Her literalistic approach pushes Paterson into entertaining contortions. Alongside her concern for accuracy and truth, I think we should add a love of logistics. Second Moon (2013-14), a fragment of the Moon sent on a year-long journey counterclockwise around the earth via air freight, is a game of scale in which human and astronomical perspectives vie for contention. Other projects haven’t gone as smoothly. For five years Paterson sent letters of condolence to friendly astronomers, marking the deaths of individual stars. Dying Star Letters (2011-present) threatened to overwhelm her, however as improvements in observation caused her inbox to overflow with stellar deaths.

A core of necessary failure is present in many of Paterson’s pieces. Some projects are threatened by technological obsolescence. The 2,200 slides of empty space that make up The History of Darkness (begun in 2010) can only be added to for as long as someone makes slides (they’re already difficult to get hold of). A brand-new piece for this exhibition is a spinning wheel depicting the overall colour balance of the universe throughout its history. Its inks are pinpoint-accurate for now, but in two years’ time, when they have faded ever so slightly, what will The Cosmic Spectrum (2019) be worth?

Turner never had this problem. His criterion of truth was different. Paterson cares about measurement. He cared about witness. An honestly witnessed play of light against a cloud can be achieved through the right squiggle. An accurate measurement of the same phenomenon must be the collaborative work of meteorologists, atmospheric scientists, astronomers, colour scientists, and who knows how many other specialists, with Paterson riding everyone’s coat-tails as a sort of tourist.

As a foil for Paterson, we need someone who invents the world out of words, who thinks in conceits and metaphors, and who explores them with an almost naive diligence.

We need John Donne. “On a round ball / A workman that hath copies by, can lay / An Europe, Afric, and an Asia, / And quickly make that, which was nothing, all”. These lines from A Valediction: of Weeping come far closer to defining Paterson’s practice than anything Turner can offer.
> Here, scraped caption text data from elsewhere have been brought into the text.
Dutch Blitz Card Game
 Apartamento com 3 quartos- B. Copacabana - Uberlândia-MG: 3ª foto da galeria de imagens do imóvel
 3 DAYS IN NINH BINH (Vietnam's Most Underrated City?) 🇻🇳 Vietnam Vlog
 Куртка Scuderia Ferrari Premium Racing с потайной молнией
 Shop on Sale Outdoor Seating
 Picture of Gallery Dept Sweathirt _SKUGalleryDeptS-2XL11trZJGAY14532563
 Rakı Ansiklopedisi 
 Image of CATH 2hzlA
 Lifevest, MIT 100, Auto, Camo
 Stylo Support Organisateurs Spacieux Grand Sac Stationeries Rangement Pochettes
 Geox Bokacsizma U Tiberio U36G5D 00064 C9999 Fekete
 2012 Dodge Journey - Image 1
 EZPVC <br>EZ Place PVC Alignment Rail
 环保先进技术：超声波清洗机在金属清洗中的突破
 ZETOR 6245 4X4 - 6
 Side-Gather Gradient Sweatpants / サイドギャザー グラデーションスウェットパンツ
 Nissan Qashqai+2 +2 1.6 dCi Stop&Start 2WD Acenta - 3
Donne’s Holy Sonnets, especially, are full of the sorts of questions that power Paterson’s art. “Thou hast made me, and shall thy work decay?” “Why are we by all creatures waited on?” “What if this present were the world’s last night?”

Mounted on the wall of Turner Contemporary, Paterson’s ideas include “The universe rewound and played back in real time;” “A wave machine hidden inside the sea;” “A foghorn set off at sea every time a star dies.” Not content with setting down her ideas in words (though you can buy a book of them here, printed in ink mixed with ground-up meteorite), Paterson tries to make the more doable ones actually happen. Her artworks are the koans of Zen meditative practice made real — or as real as the world allows.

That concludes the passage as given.